I've discovered that going from toy to printf is quite a journey; when you break it all the way down to 8 bits, a full printf implementation (sans float support) covers a pretty wide swath of integer bitwise, arithmetic, and comparison instructions.
LLVM operates in passes. When I started, the very first pass that we owned choked on printf. After gradually massaging and generalizing the code generator, I got it through that pass, and the next, and the next.
Getting the code through the register allocator was particularly tricky business, since unlike my toy examples, hundreds and hundreds of live values fly around inside printf, each needing to be in A, X, or Y, the zero page, or the stack at various times, in an intricate dance. Large function calls threw a wrench into that dance; the calling sequence I naively emitted pinned the A, X, and Y registers right at the beginning of the call, so there were no free registers available to load zero-page registers with the rest of the arguments. I had to teach the instruction scheduler that A, X, and Y are precious resources, and that it needed to work very diligently to keep them free around calls.
Along the way I've had to add support for generalized multi-byte signed and unsigned comparisons, and, or, xor, certain 1-bit rotations, certain 1-bit shifts, the V register, using SBC as a comparison operator (for V).

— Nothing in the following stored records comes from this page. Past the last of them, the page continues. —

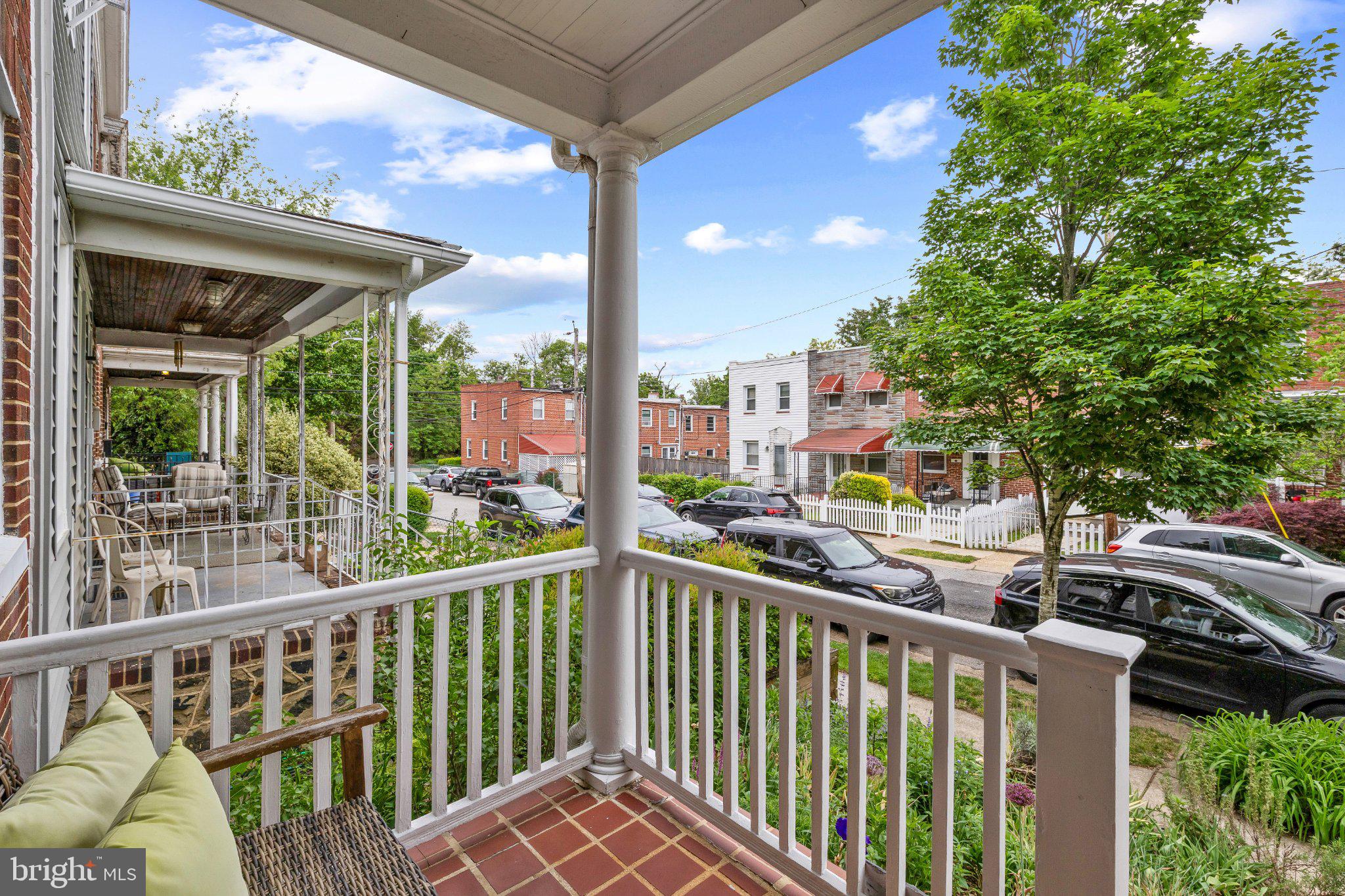 1008 W 42ND STREET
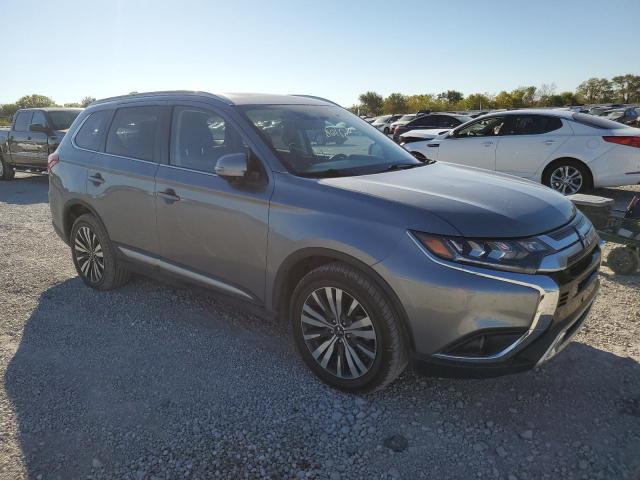 MITSUBISHI OUTLANDER 2019 with VIN JA4AZ3A37KZ033204 - Photo from auction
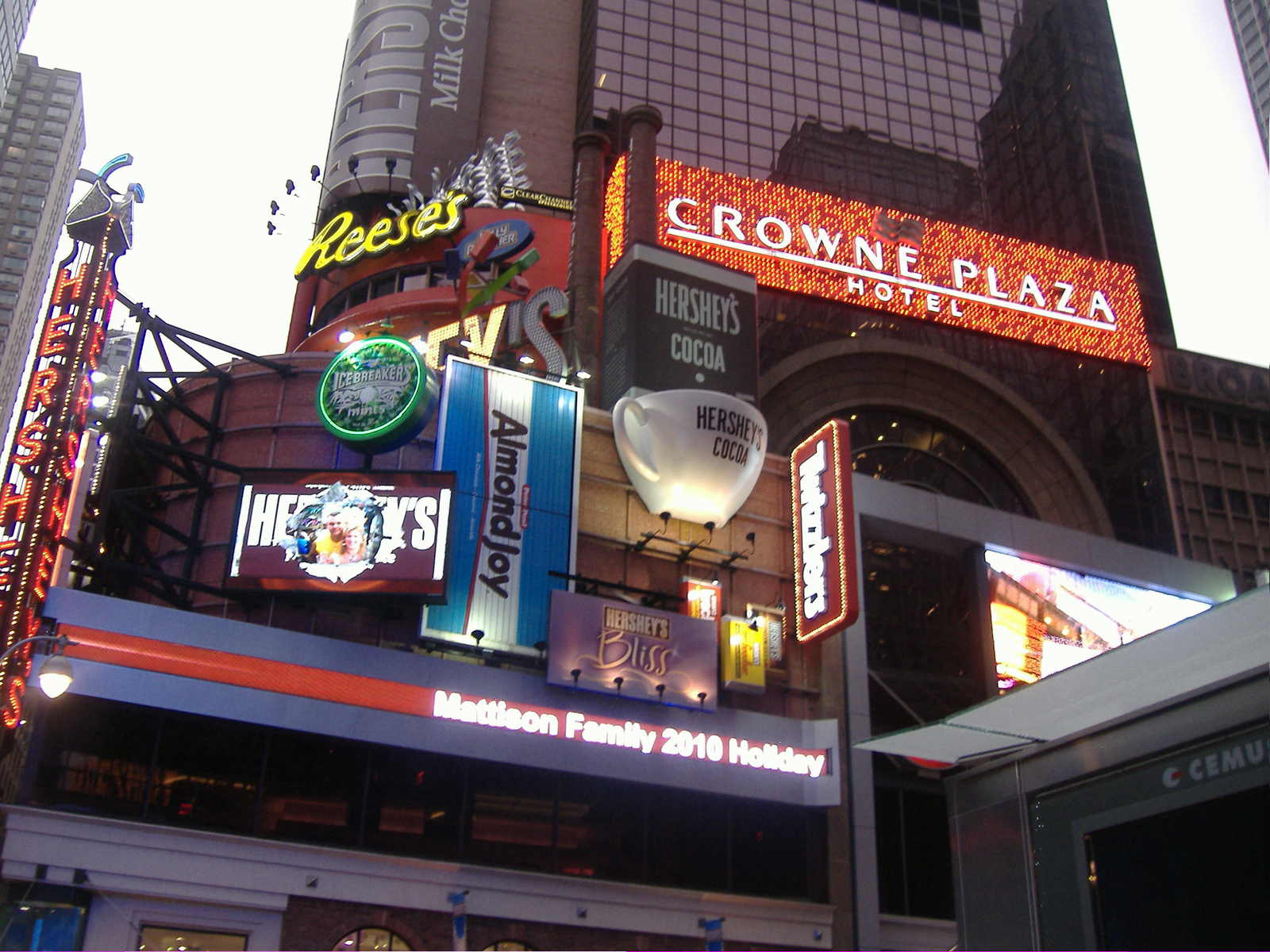 times square+broadway (67)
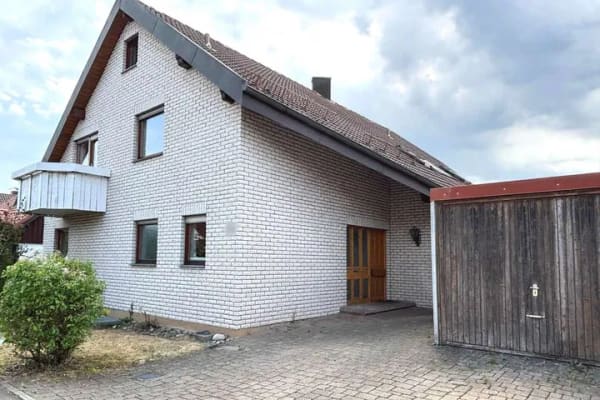 Immobilie in Alfdorf - Großzügiges Einfamilienhaus mit Einliegerwohnung in schöner Wohnlage - Bild 1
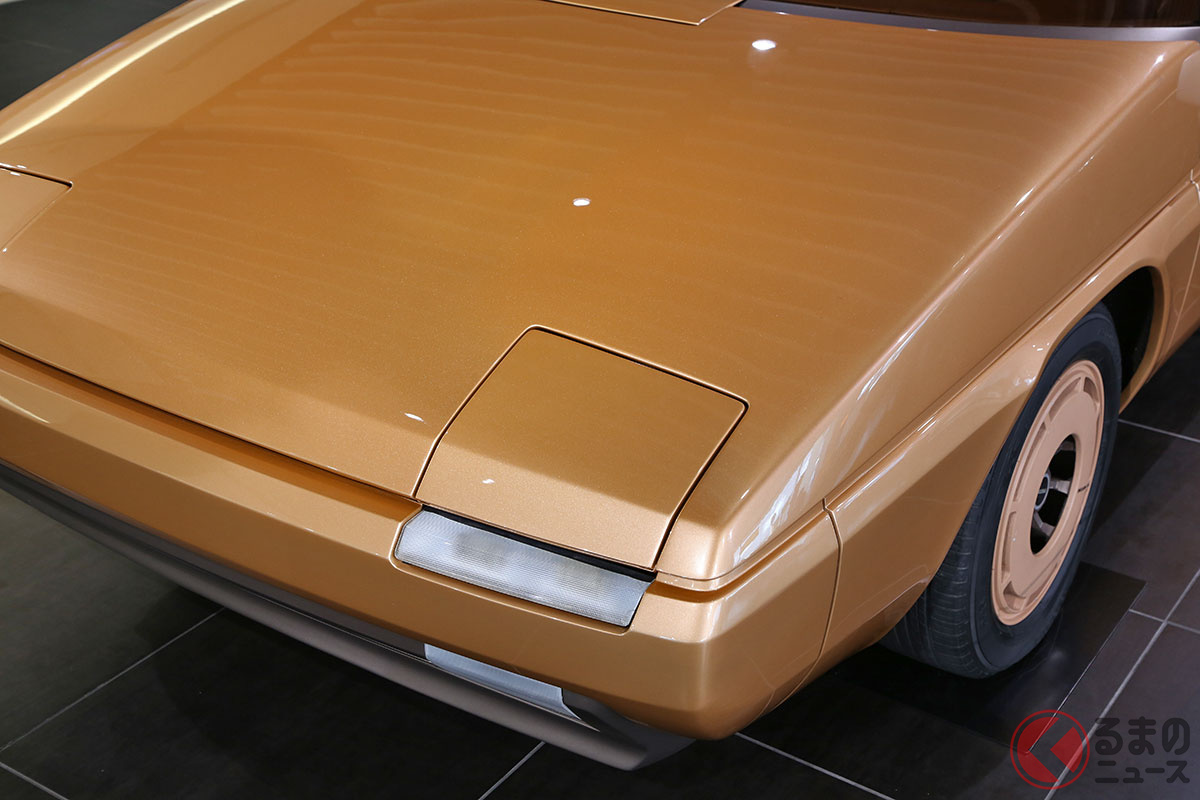 マツダ「“斬新”コンパクトカー」が凄い! 今までにない「超画期的ハンドル」&パカッと開く「リトラライト」採用! 1981年に「90年代のクルマ」を想像した「MX-81」コンセプトカーとは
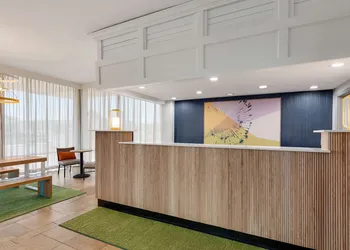 Spark by Hilton Ormond Beach Oceanfront hotel thumbnail 6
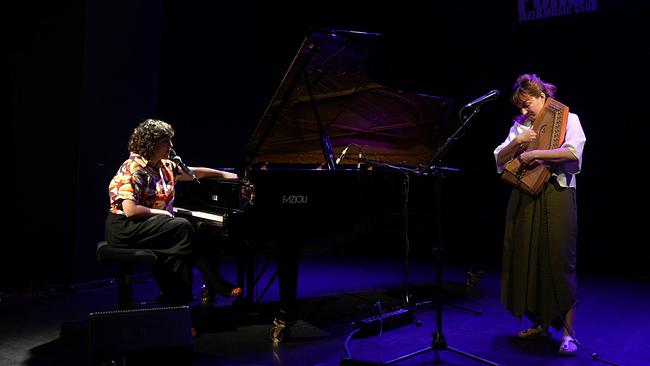 © ORF Golnar Shahyar und Anna Anderluh
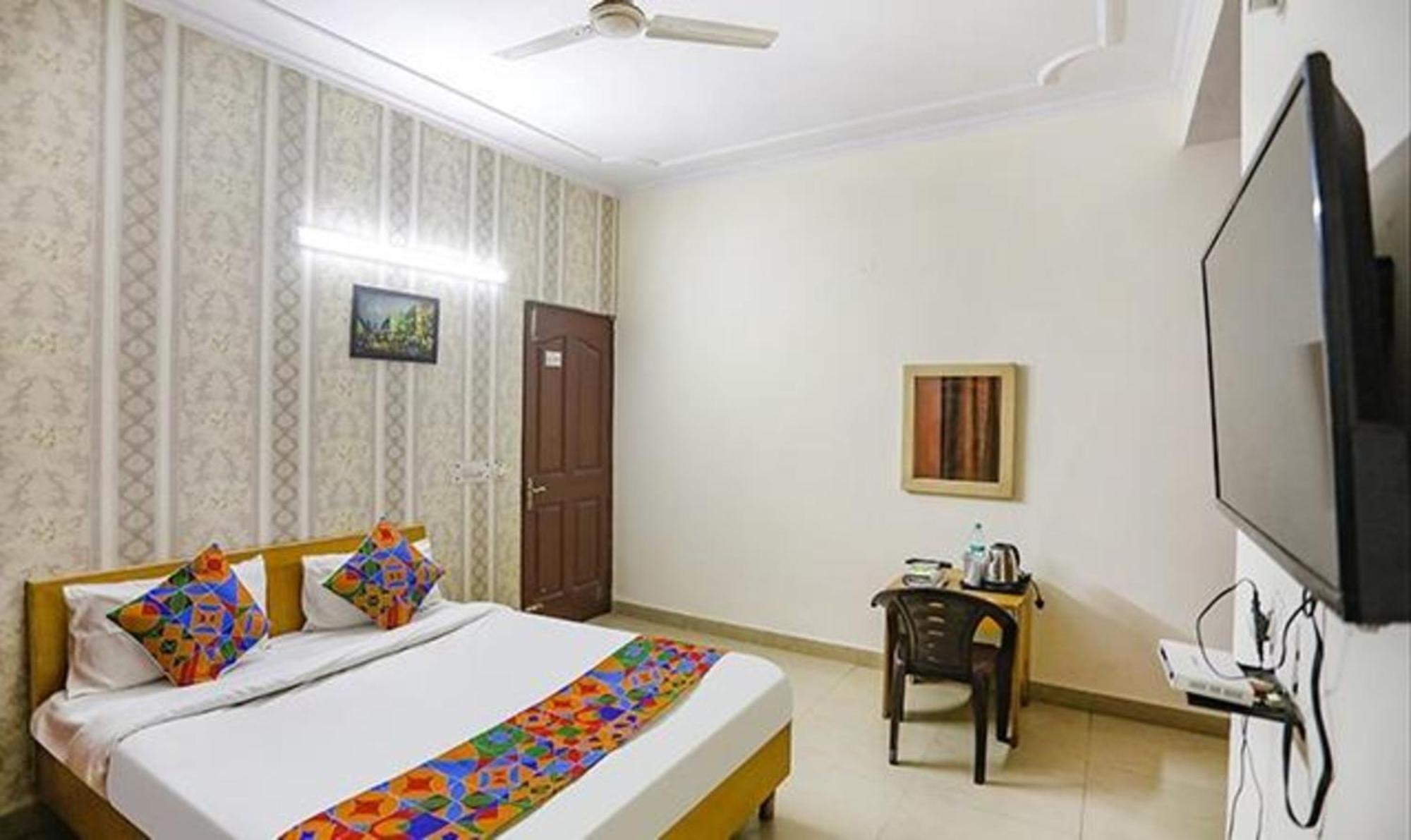 Fabexpress Ap International Hotel Noida Ngoại thất bức ảnh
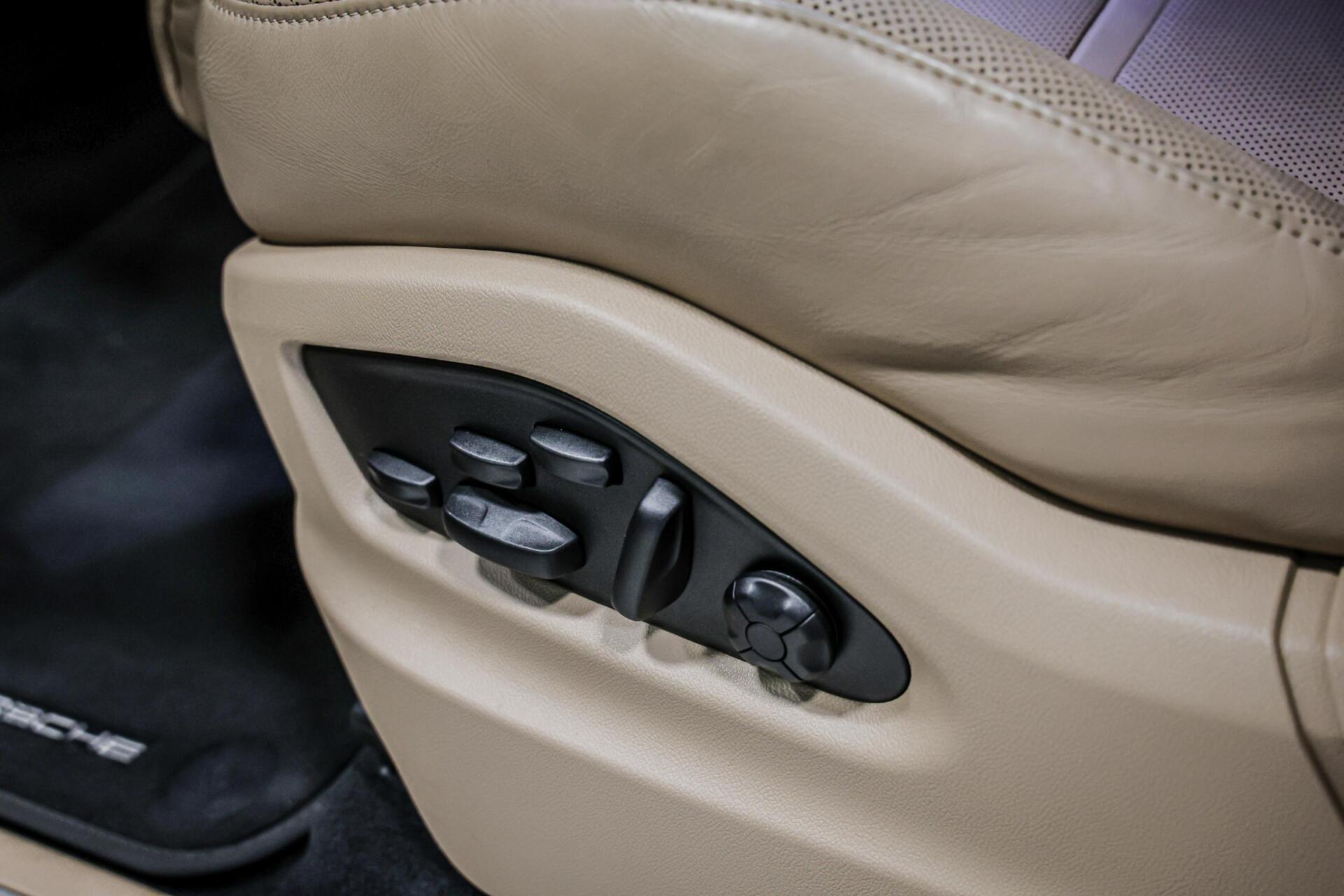 Foto van Porsche Cayenne E-hybrid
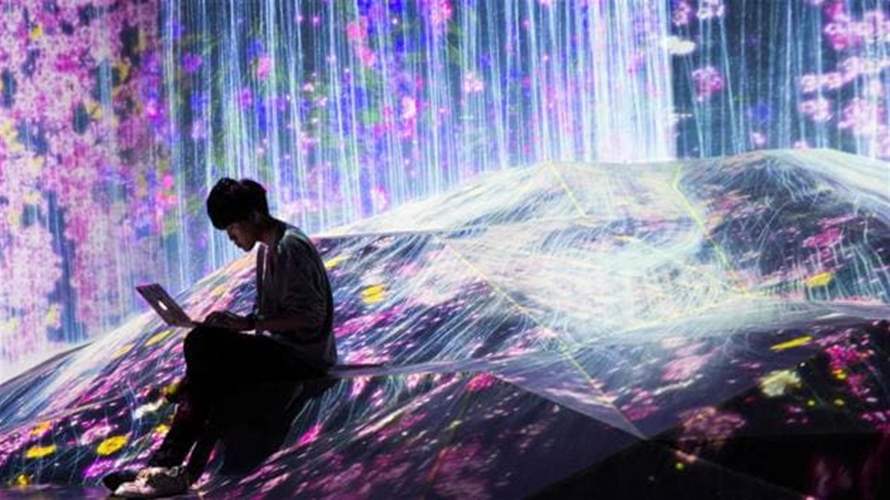 في هذا البلد... افتتاح متحف جديد للفن الرقمي يتميز بعناصر غريبة: شلالات من الضوء وطوفان الزهور! (صورة)
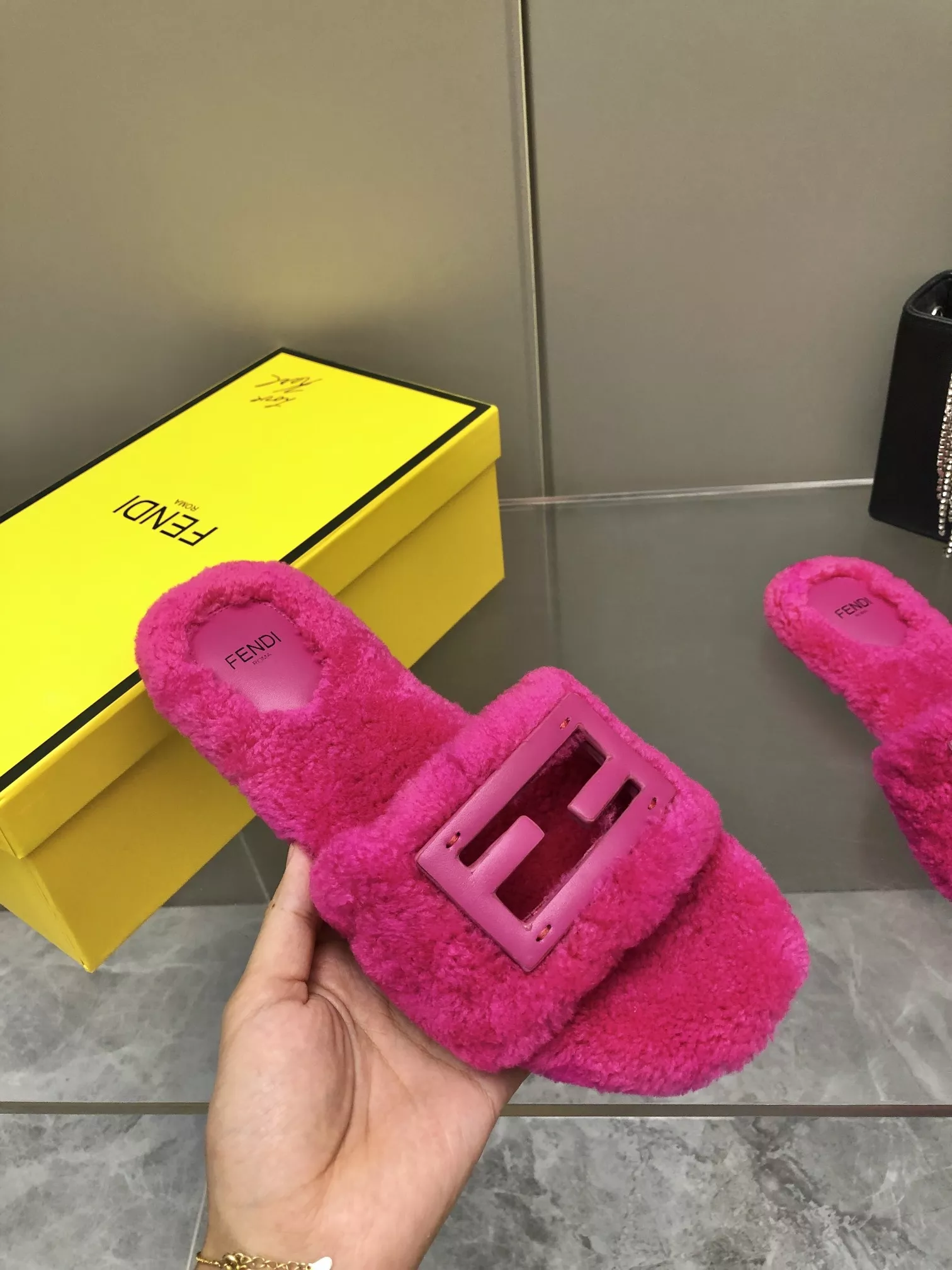 Fendi Slippers For Women Affordable 2942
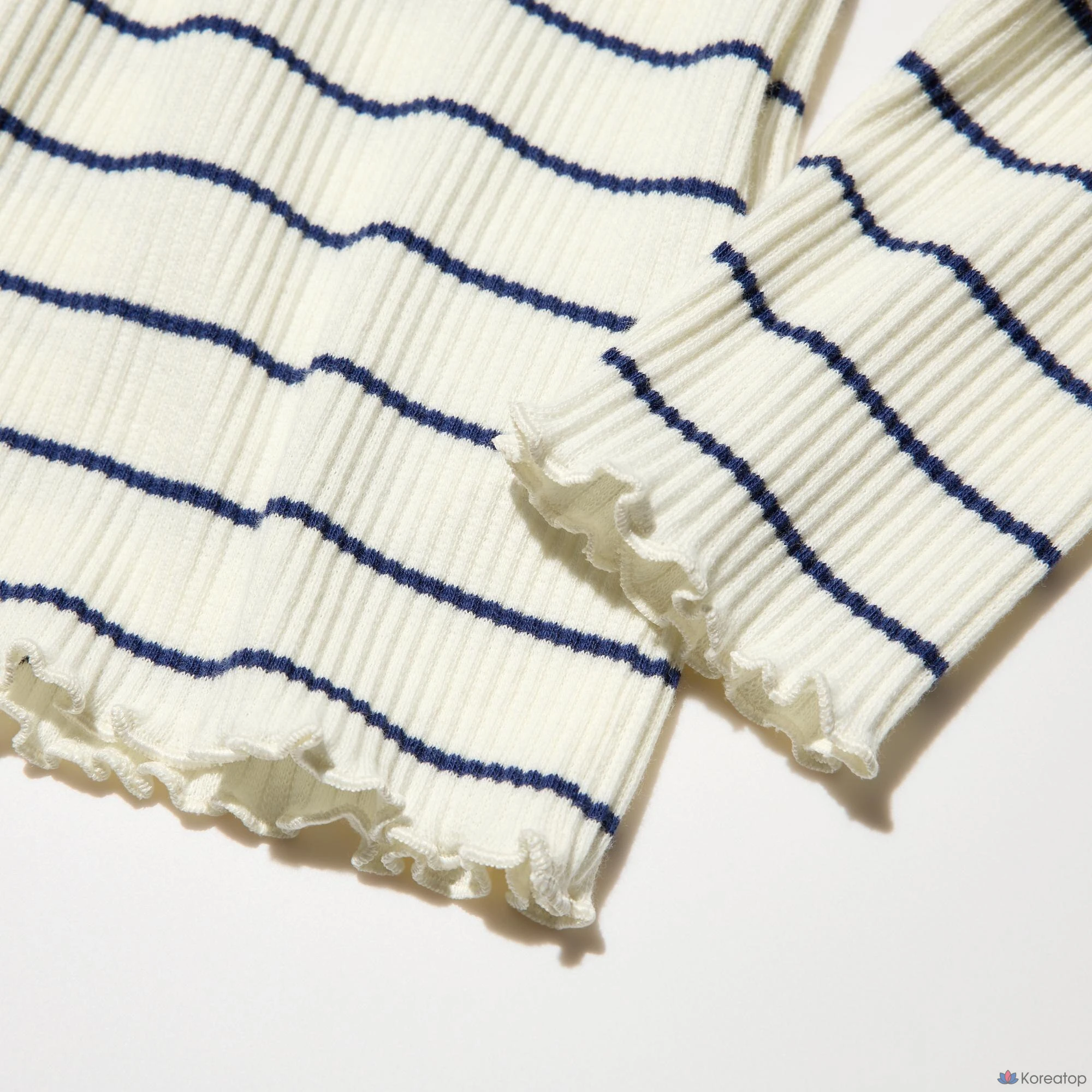 Футболка для девочек Uniqlo Rib Crew Neck Long Sleeve T-Shirt, в полоску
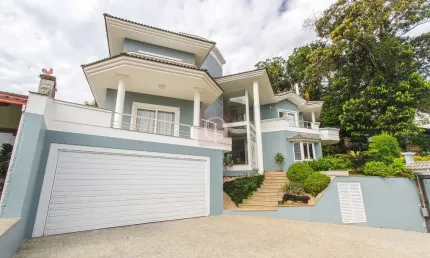 Casa no Condominio Parc de France para Venda no Saguaçu em Joinville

So, I'm now through all the way to stack access emission, which is more than 2/3rds of the way through the pipeline. The generated code so far is also pretty terrible; I'm leaving hundreds of easy optimization opportunities on the floor to try to race to completeness as quickly as possible. Even so, there's only maybe a 20% chance that printf actually works at the end of this process; after this, there will likely be a truly grueling debugging phase to get the reams of generated 6502 code to actually work. But, once it does, the project will have gone from "toy compiler" to "unfinished compiler." Even better, we'll be able to quantify just how unfinished it is, then track progress objectively towards "terrible finished compiler".